* What is needed *
Only the lines from the one that contains "Nơi cây lúa 'biết' làm du lịch" to the last line below, both included, should be transcribed. Pictures stay out of the copy.

* Data *
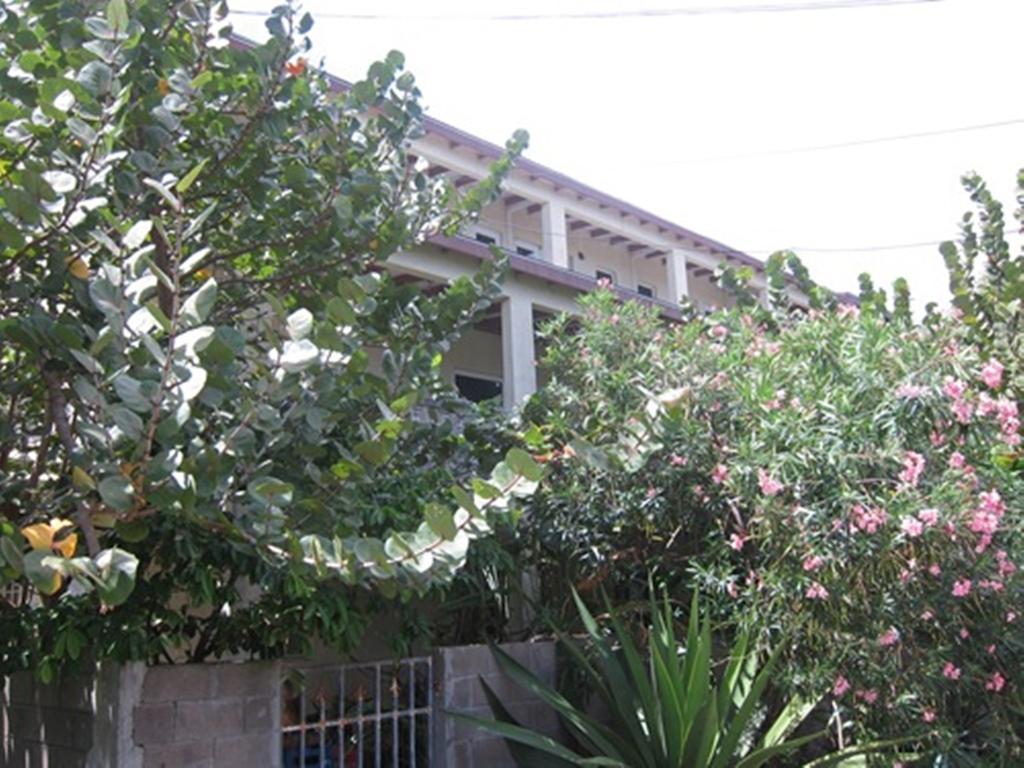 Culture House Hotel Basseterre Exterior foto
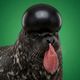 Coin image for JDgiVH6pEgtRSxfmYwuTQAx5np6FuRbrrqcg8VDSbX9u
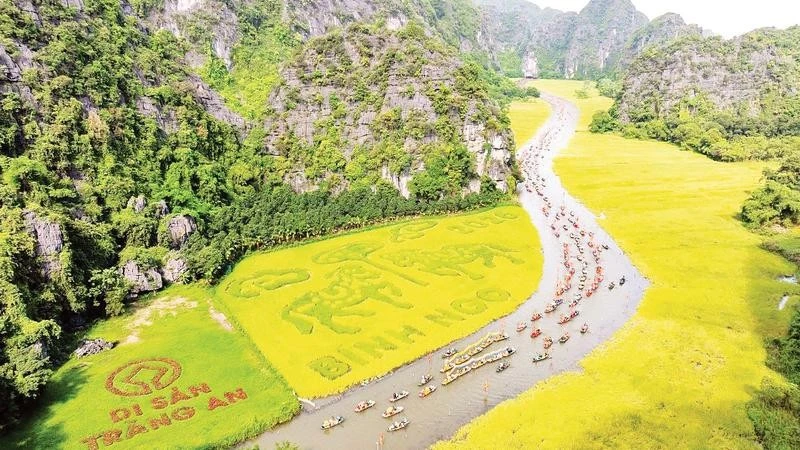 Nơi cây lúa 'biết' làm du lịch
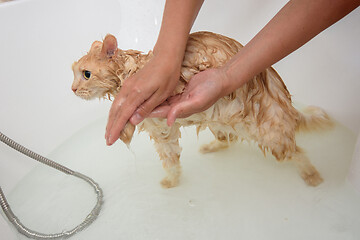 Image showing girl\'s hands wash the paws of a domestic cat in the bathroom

* Output *
 Nơi cây lúa 'biết' làm du lịch
 Image showing girl\'s hands wash the paws of a domestic cat in the bathroom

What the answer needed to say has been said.